| TASK GOAL |
Please set out each line below exactly as it stands, without the images.

| MATERIAL PROVIDED |
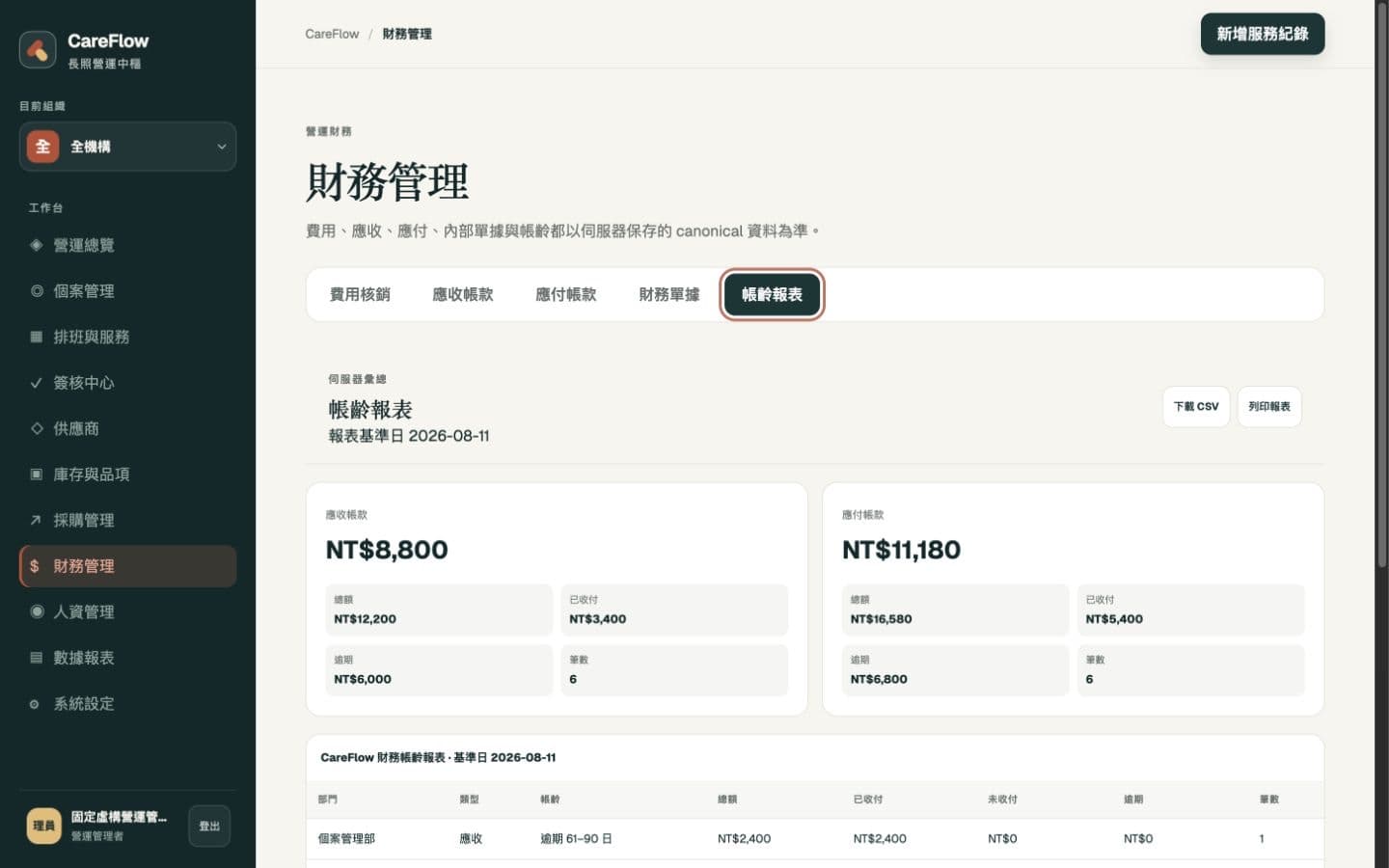 CareFlow 帳齡報表，顯示固定虛構應收應付彙總與帳齡明細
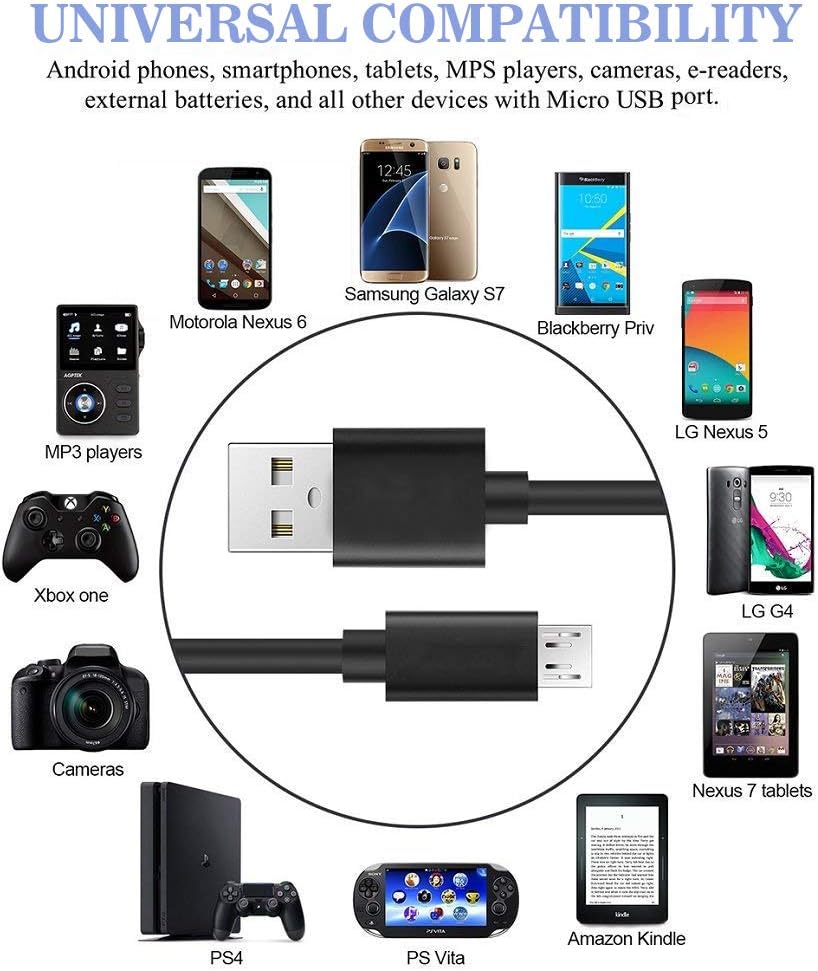 Kindle Fire Fast Charger, 5V 2.4A 24W Charger for  Kindle Fire HD, HDX 6" 7" 8.9" 9.7", Fire 7 8, Dual Port USB Wall Charger with 6.6FT Micro USB Cable for Samsung, Galaxy S7, Android Phone: Home Audio & Theater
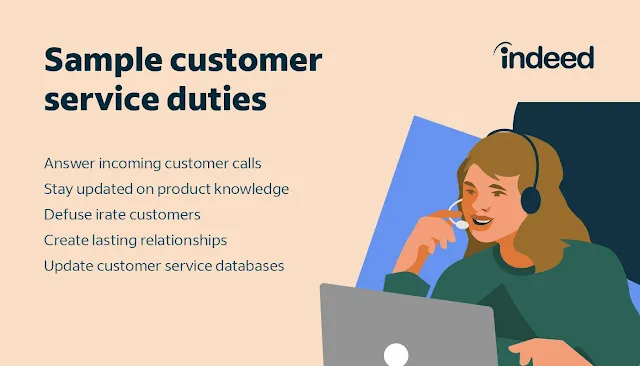 Client Care Specialist: एक ऐसा करियर जो दिलों से जुड़ता है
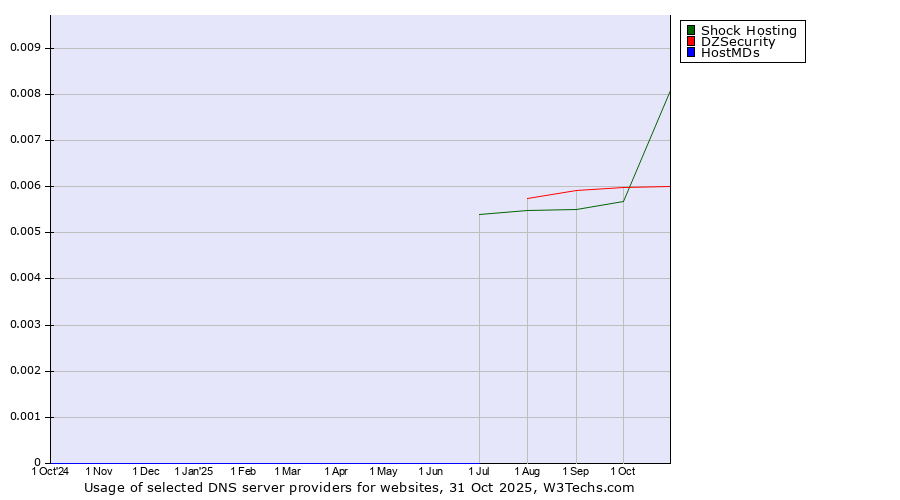 Historical trends in the usage of Shock Hosting vs. DZSecurity vs. HostMDs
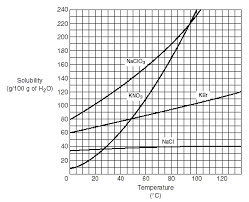 Vaughans Blog Solubility Graph Worksheet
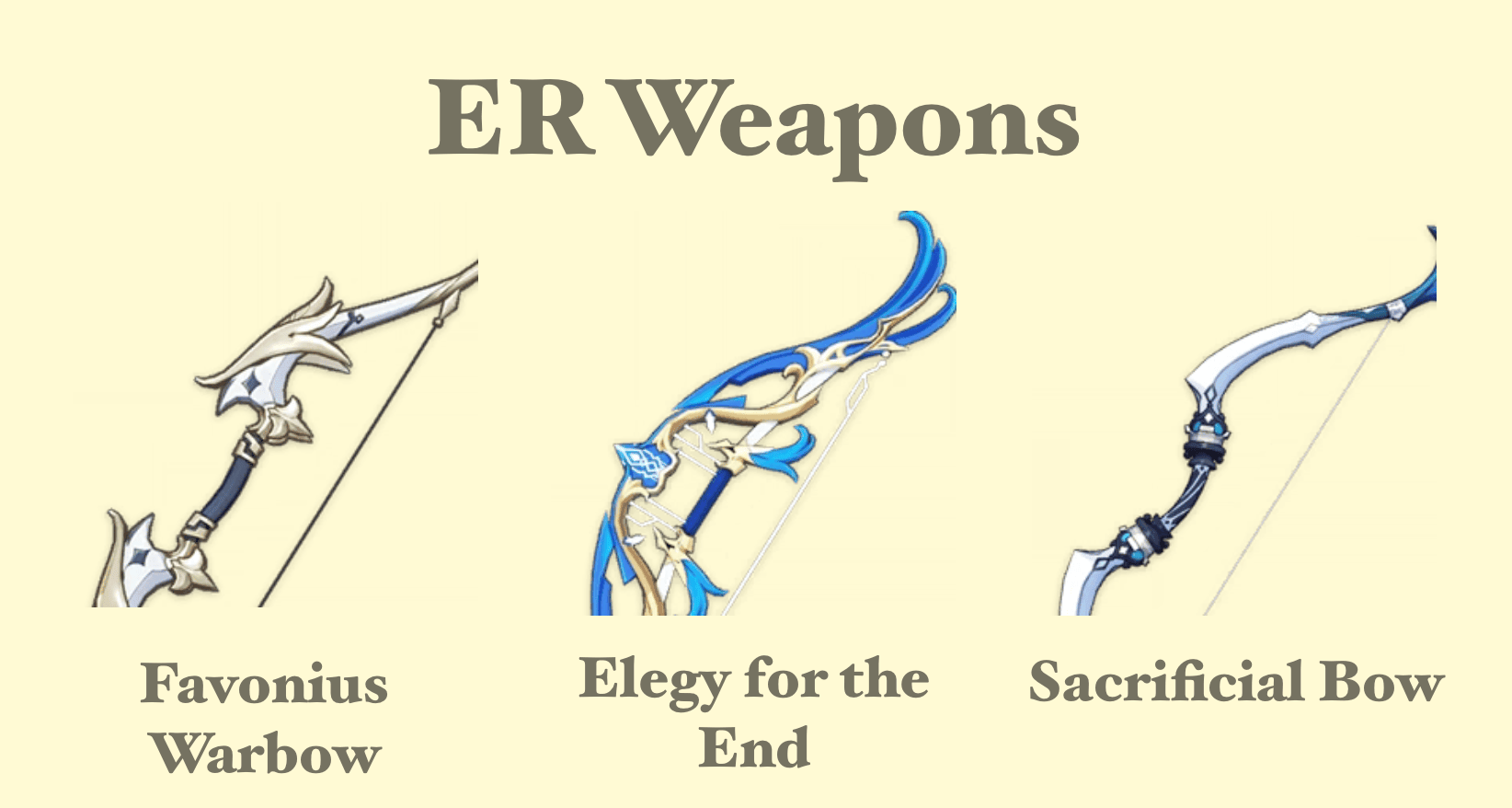 gorou weapons
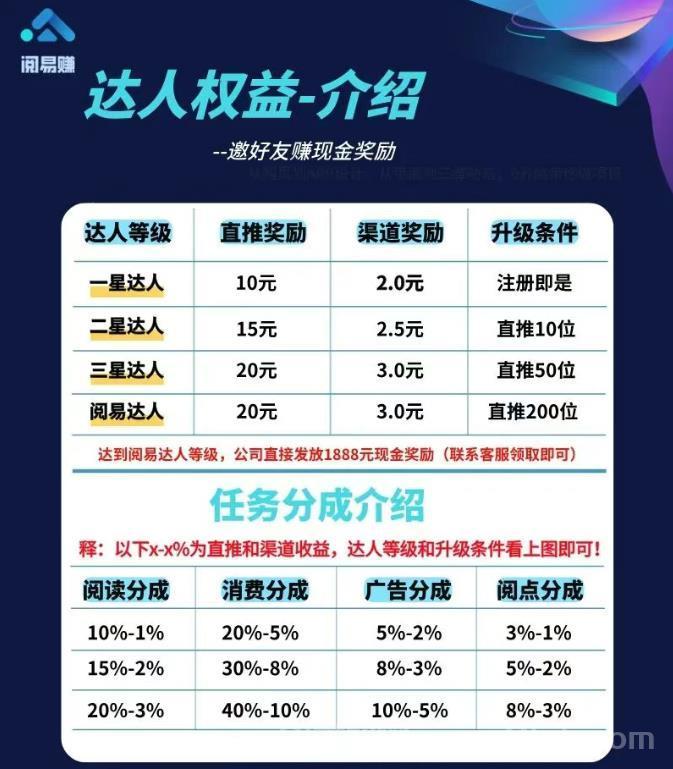 阅易赚:每天10分钟,月润1000+副业首选,普通人“零门槛”创富机会!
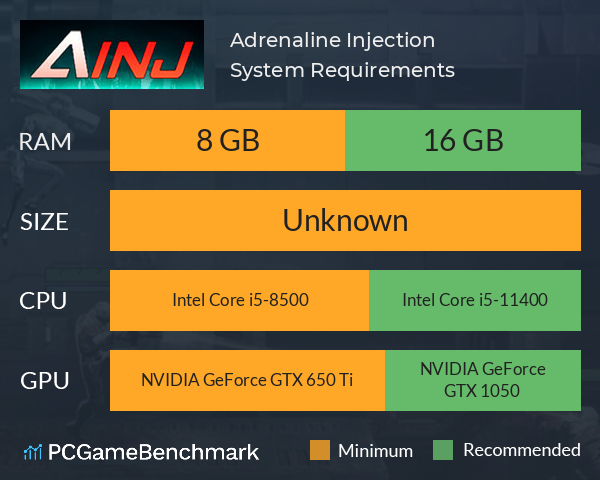 Adrenaline Injection System Requirements PC Graph - Can I Run Adrenaline Injection Adrenaline Injection System Requirements PC Graph - Can I Run Adrenaline Injection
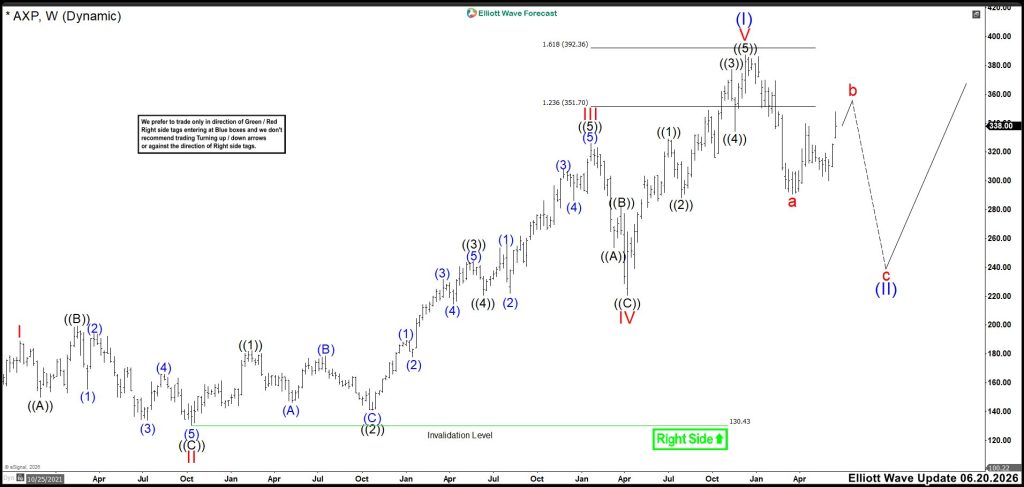 AXP May Be Entering the Next Downside Phase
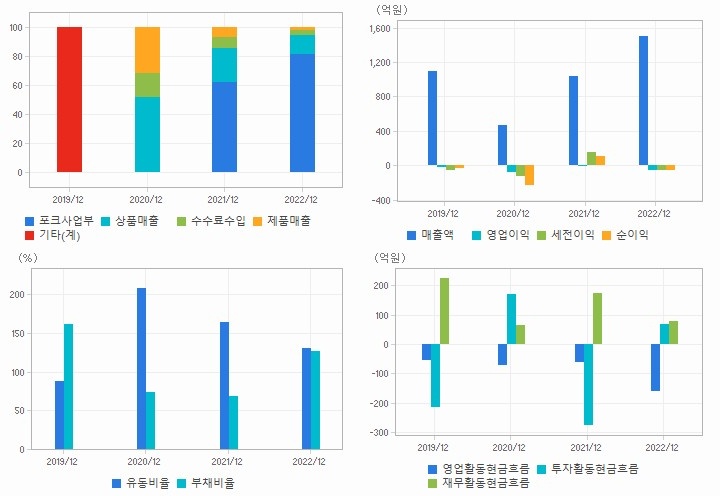 주식회사 미스터피자 이미지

| EXPECTED OUTPUT |
 CareFlow 帳齡報表，顯示固定虛構應收應付彙總與帳齡明細
 Kindle Fire Fast Charger, 5V 2.4A 24W Charger for  Kindle Fire HD, HDX 6" 7" 8.9" 9.7", Fire 7 8, Dual Port USB Wall Charger with 6.6FT Micro USB Cable for Samsung, Galaxy S7, Android Phone: Home Audio & Theater
 Client Care Specialist: एक ऐसा करियर जो दिलों से जुड़ता है
 Historical trends in the usage of Shock Hosting vs. DZSecurity vs. HostMDs
 Vaughans Blog Solubility Graph Worksheet
 gorou weapons
 阅易赚:每天10分钟,月润1000+副业首选,普通人“零门槛”创富机会!
 Adrenaline Injection System Requirements PC Graph - Can I Run Adrenaline Injection Adrenaline Injection System Requirements PC Graph - Can I Run Adrenaline Injection
 AXP May Be Entering the Next Downside Phase
 주식회사 미스터피자 이미지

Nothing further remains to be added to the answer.